Instagram / MonkeyType

A Python library that generates static type annotations by collecting runtime types
Other
4.74k stars 170 forks source link

Improve database structure #315

Closed chrhansk closed 8 months ago

chrhansk commented 8 months ago

I noticed a problem with the database created by MonkeyType during the tracing process. Namely, the database is very flat, only consisting of a single table:

        CREATE TABLE IF NOT EXISTS monkeytype_call_traces (
          created_at  TEXT,
          module      TEXT,
          qualname    TEXT,
          arg_types   TEXT,
          return_type TEXT,
          yield_type  TEXT);

First of all, the created_at column is redundant and never used. I suspect that this was put into the database in order to ensure uniqueness of columns (which is ensured anyways due to rowids).

Most problematically, no deduplication is being done, new records are just entered into the database one after another. As a consequence the database becomes incredibly large, even when no new and information is added. For instance, when I trace the call my_method(value=1) one million times, the database contains one million records, where a single one would do. This is particularly bothersome when monkeytype is used within pytest, where parameterized tests quickly run into the thousands or millions. I was trying to type out a larger package and ended up with a file with a size of >= 100GB.

The new structure splits the database into multiple tables for signatures, modules, and functions, where signatures are deduplicated. In my example, this reduced the database size to below 1MB.

carljm commented 8 months ago

Hi!
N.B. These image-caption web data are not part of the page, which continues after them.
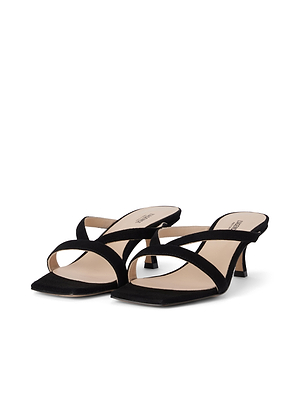 Oceane Kitten Sandal shoes L'AGENCE Sale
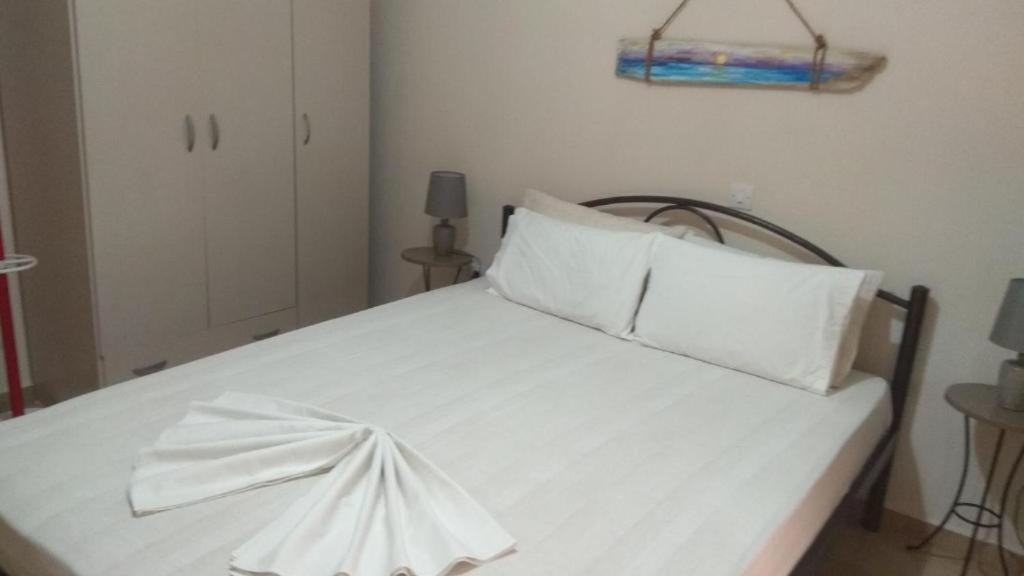 Επινειο/Epinio Apartment Nikiti  Ngoại thất bức ảnh
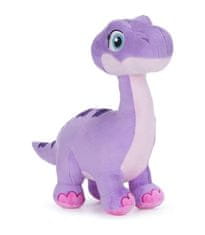 Hollywood Plyšová Brontosaurus Girl - Dinky Dinos - 27 cm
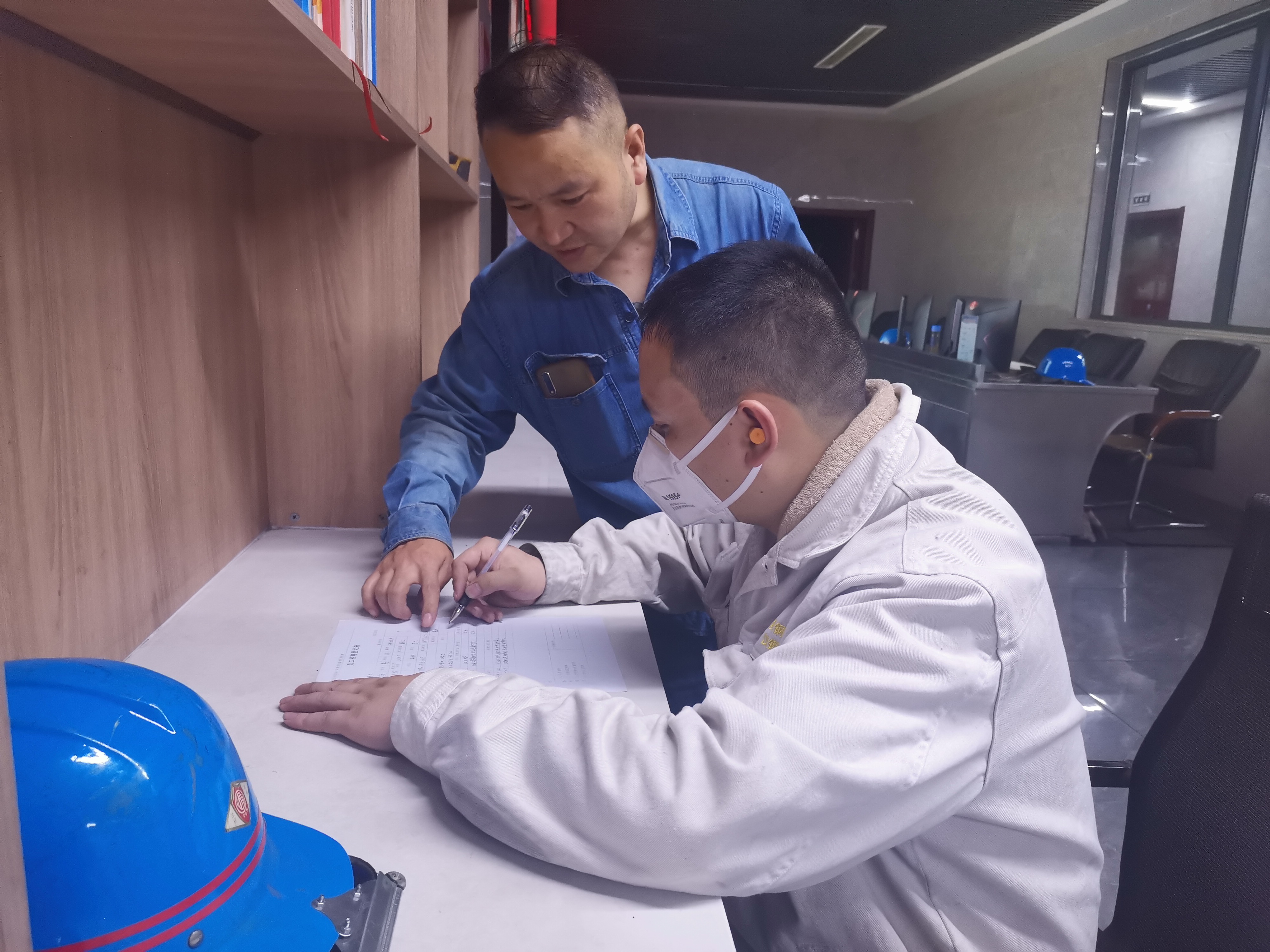 亲，请查收转炉人才“培养秘笈”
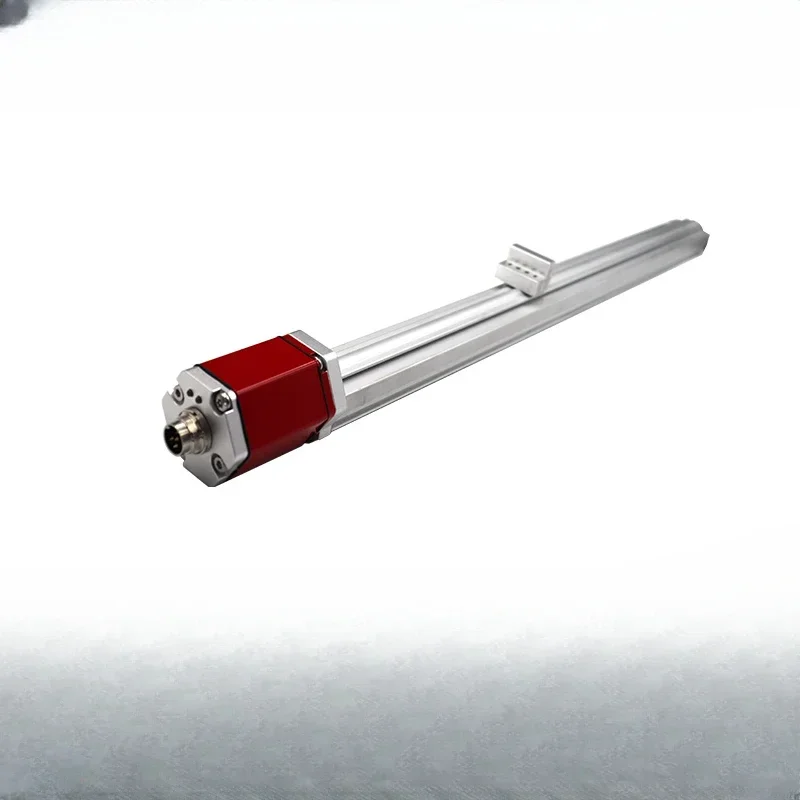 Cylinder displacement sensor, magnetostrictive displacement, liquid level gauge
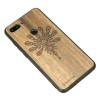 mini: Drewniane Etui Xiaomi Mi 8 Lite PARZENICA LIMBA (2)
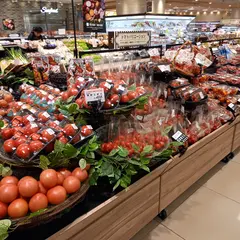 コープえひめ コープ松山三越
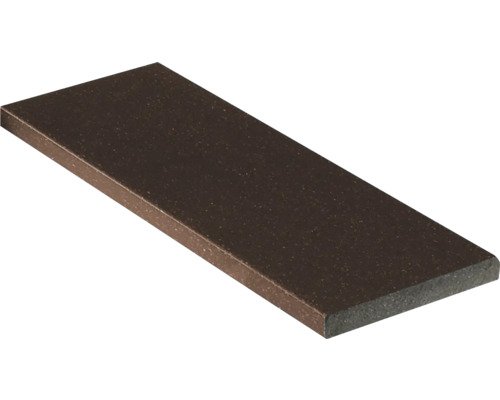 WPC Universalbrett braun matt 2400x87x11 mm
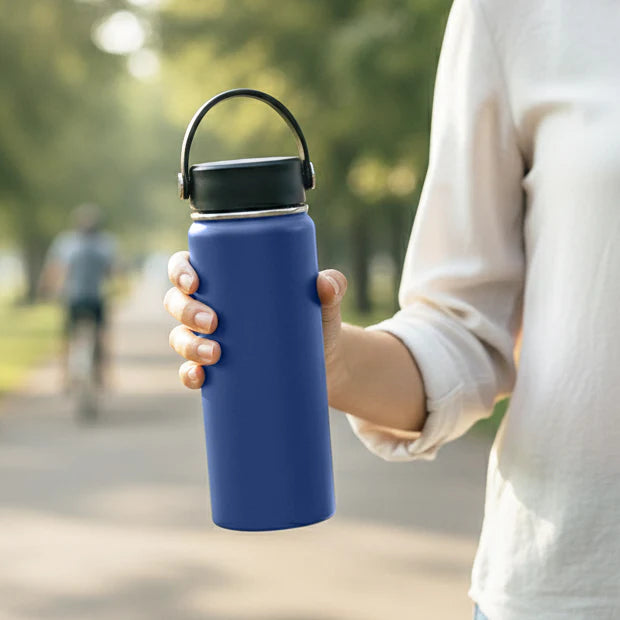 530ml Gyro Double Wall Vacuum Flask (18oz)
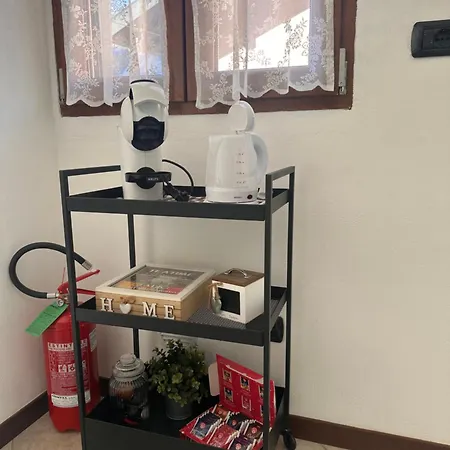 Little House Apartamento Lezzeno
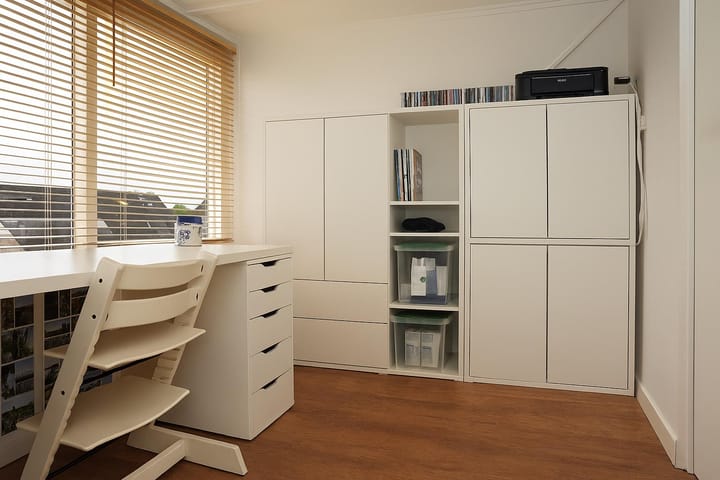 Foto 34 van Regulus 8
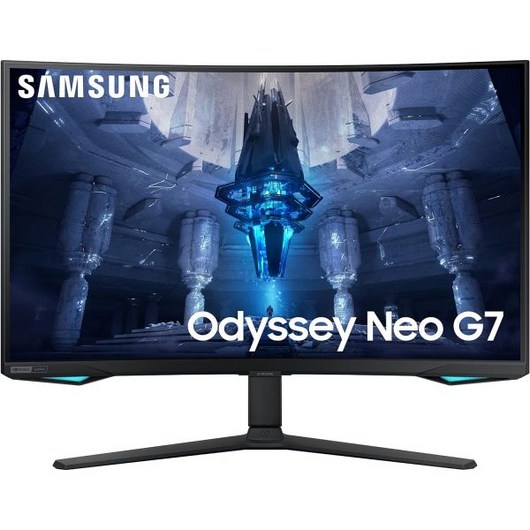 삼성 오디세이 네오 G9 시리즈 32인치 1000R 곡면 게이밍 모니터 – 듀얼 4K UHD, 240Hz, DisplayPort 2.1, 1ms 반응속도, 퀀텀 미니 LED, HDR 1000 지원 삼성오디세이g9 삼성 오디세이 네오 G9 시리즈 32인치 1000R 곡면 게이밍 모니터 – 듀얼 4K UHD, 240Hz, DisplayPort 2.1, 1ms 반응속도, 퀀텀 미니 LED, HDR 1000 지원 삼성오디세이g9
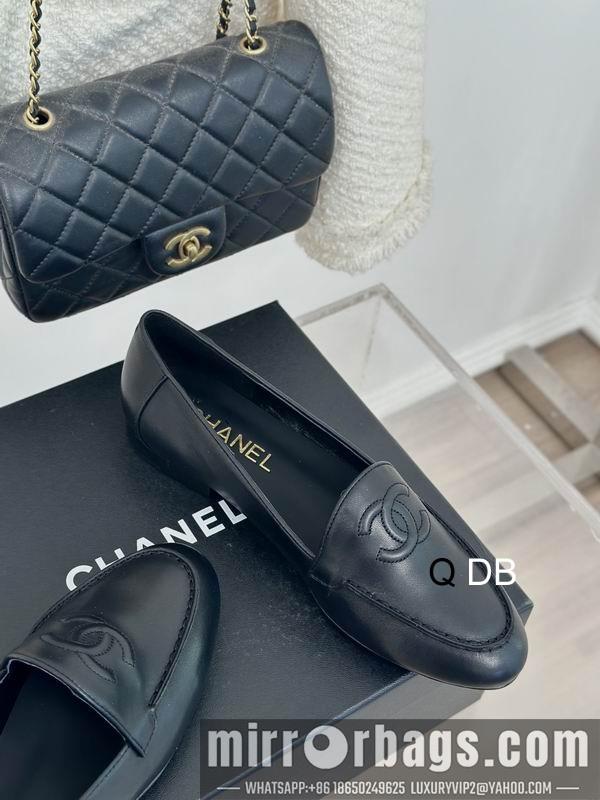 Chanel Shoes sz35-40 DB1206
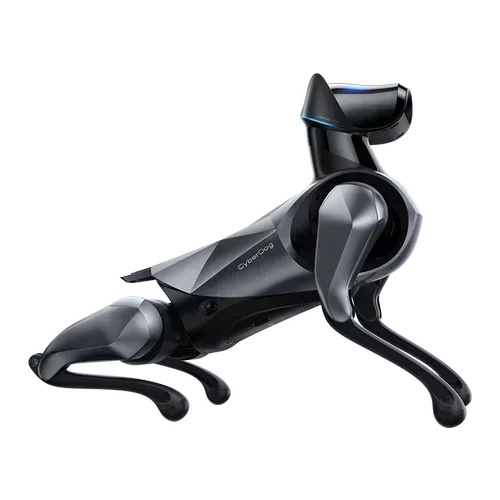 The iron egg robot dog bionic robot CyberDog 2 electronic dog quadruped intelligent second generation perception recognition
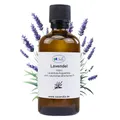 Produktbild: Sala Lavendelöl ätherisches Öl 38/40 naturrein 100 ml Glasflasche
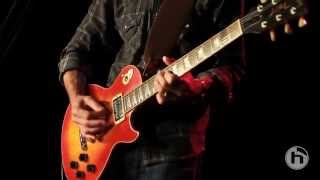 Video thumbnail for TC Helicon VoiceLive 2 Vocal Effects Harmony Processor Pedal Demo - Guitar (2 of 2) | Full Compass by Full Compass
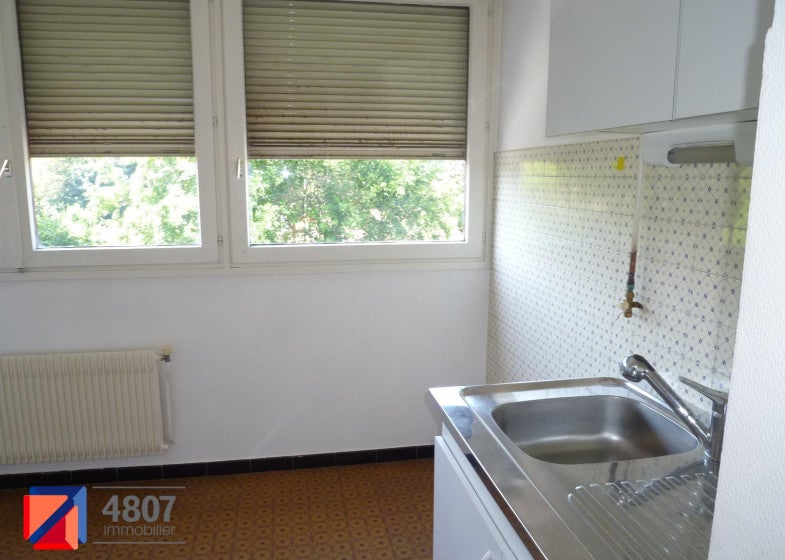 Flat Rue des Saules in Ambilly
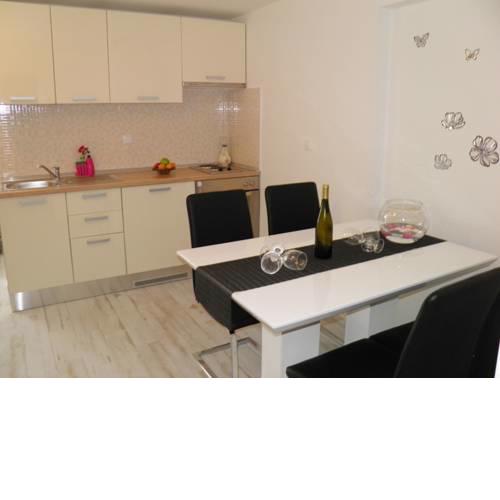 Apartment Leptir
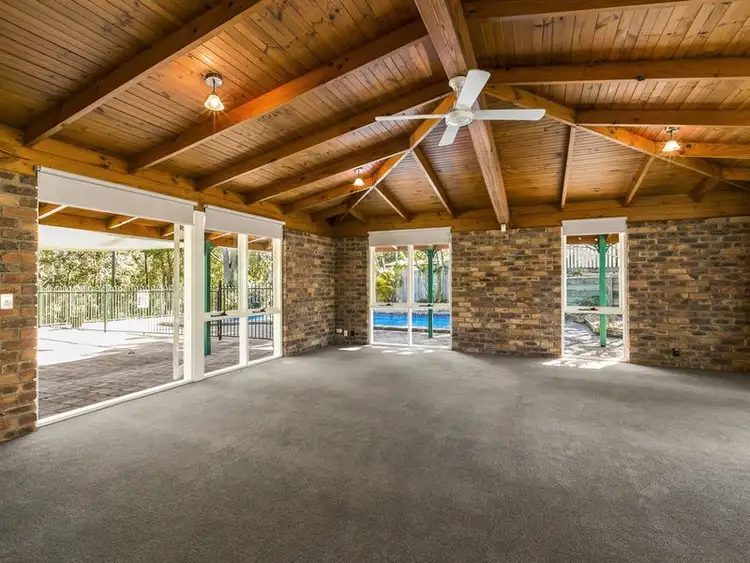 Seventh view of Homely house listing, 11 Winderadeen Court, Nerang QLD 4211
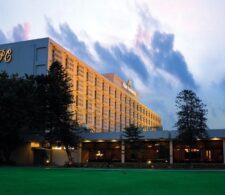 PC Hotel Garden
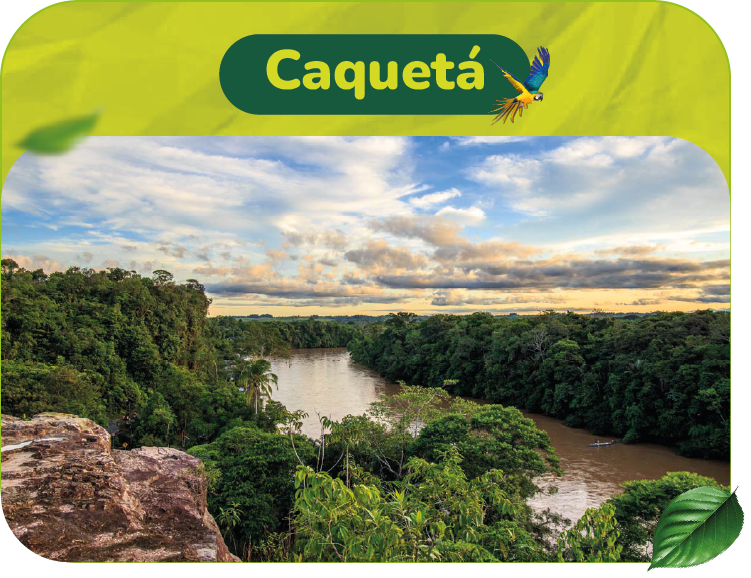 CAQUETA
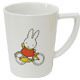 メラミンモーニングカップ
[M-1302A]
(miffy's bicycle)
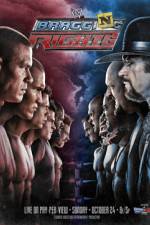 Watch WWE Bragging Rights 2010 123movies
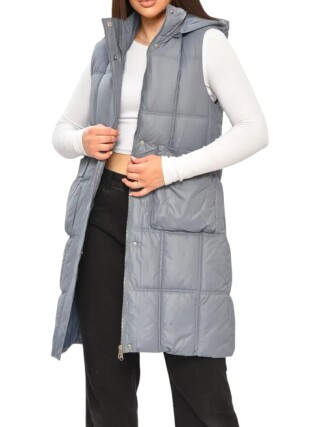 1165 сірий, 4 (L-3XL), <strong>620</strong>, демісезон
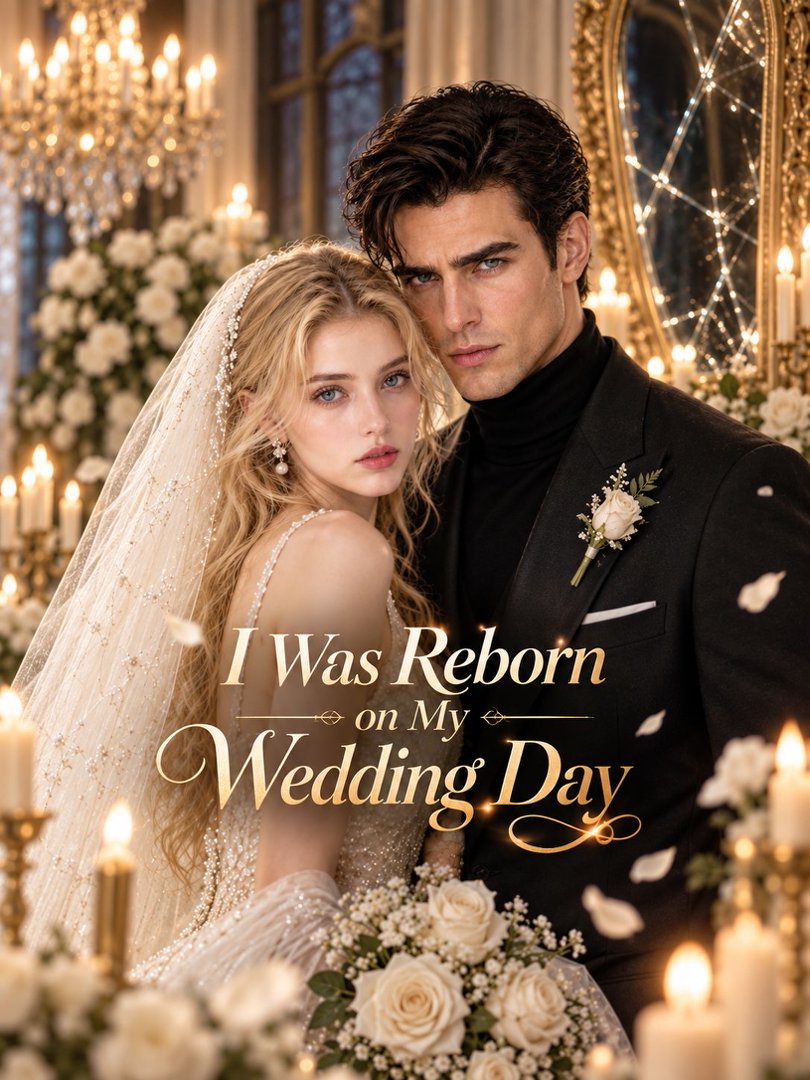 I Was Reborn on My Wedding Day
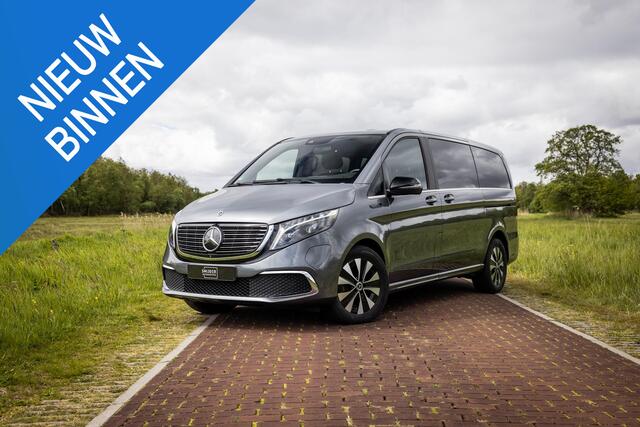 Mercedes-Benz EQV 300 90kWH Avantgarde VOL OPTIE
Appreciate the PR. I think I don't want to make this change, though.

The current database design is duplicative, but it's intended to represent a historical record of calls observed. Both relative frequency of different observed signatures, and recency, are potentially relevant data lost in your normalization. Both of those are implicitly used because the query limits rows fetched, and orders by created_at (so that field is used.) The intention is that if you are running MonkeyType in production with a changing code base, "old" calls will age out as new ones are observed.

More basically, I don't want to change this because it is backwards-incompatible for current MonkeyType users who may have trace dbs sitting around; those shouldn't become unusable on a MonkeyType update.

The CallTraceStore interface, and the ability to configure a custom CallTraceStore, exist so that if the simple default design doesn't suit your needs, you are free to create your own store and use it. If the version in this PR suits your needs better, I recommend you take that route.